▶ Exercise
The output is the lines below from the one with "Meoflaw Cooling Pillows" through the one with "Clay Squared pot, Sand", both included, printed exactly and with no other line.

▶ Data shown
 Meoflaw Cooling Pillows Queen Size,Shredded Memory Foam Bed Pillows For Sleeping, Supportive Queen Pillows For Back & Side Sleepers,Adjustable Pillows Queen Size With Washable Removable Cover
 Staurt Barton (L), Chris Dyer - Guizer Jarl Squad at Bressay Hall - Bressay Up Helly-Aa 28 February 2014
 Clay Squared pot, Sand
...
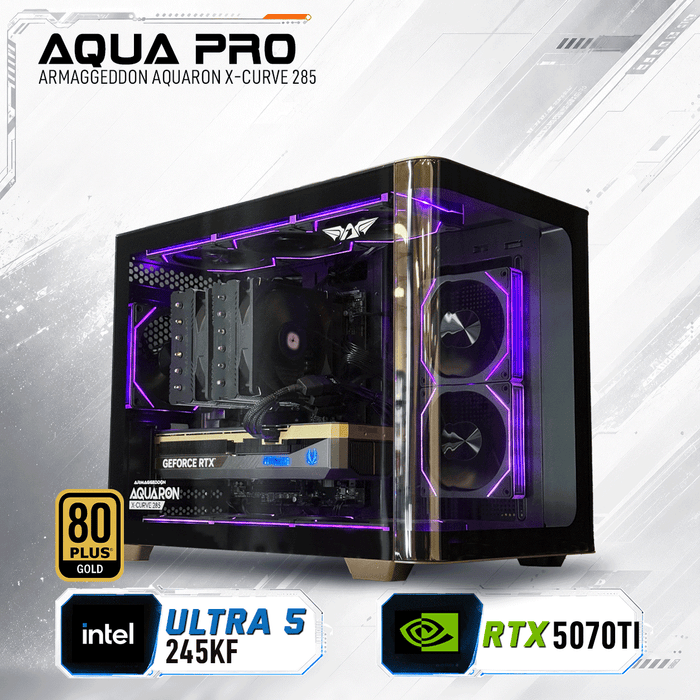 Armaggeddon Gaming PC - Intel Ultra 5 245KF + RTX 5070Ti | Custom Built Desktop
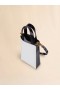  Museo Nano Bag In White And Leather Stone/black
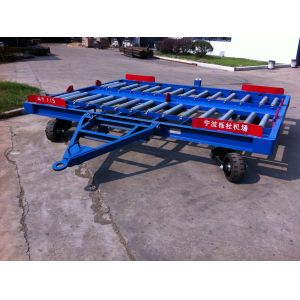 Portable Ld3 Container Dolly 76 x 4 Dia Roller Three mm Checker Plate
==
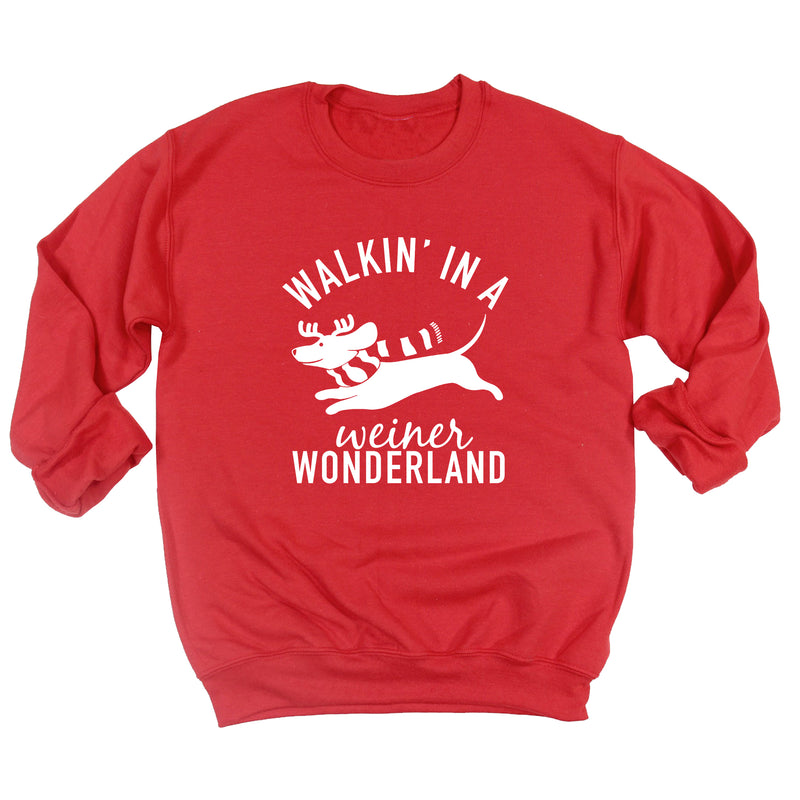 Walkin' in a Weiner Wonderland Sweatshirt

▶ Answer for the task
 Meoflaw Cooling Pillows Queen Size,Shredded Memory Foam Bed Pillows For Sleeping, Supportive Queen Pillows For Back & Side Sleepers,Adjustable Pillows Queen Size With Washable Removable Cover
 Staurt Barton (L), Chris Dyer - Guizer Jarl Squad at Bressay Hall - Bressay Up Helly-Aa 28 February 2014
 Clay Squared pot, Sand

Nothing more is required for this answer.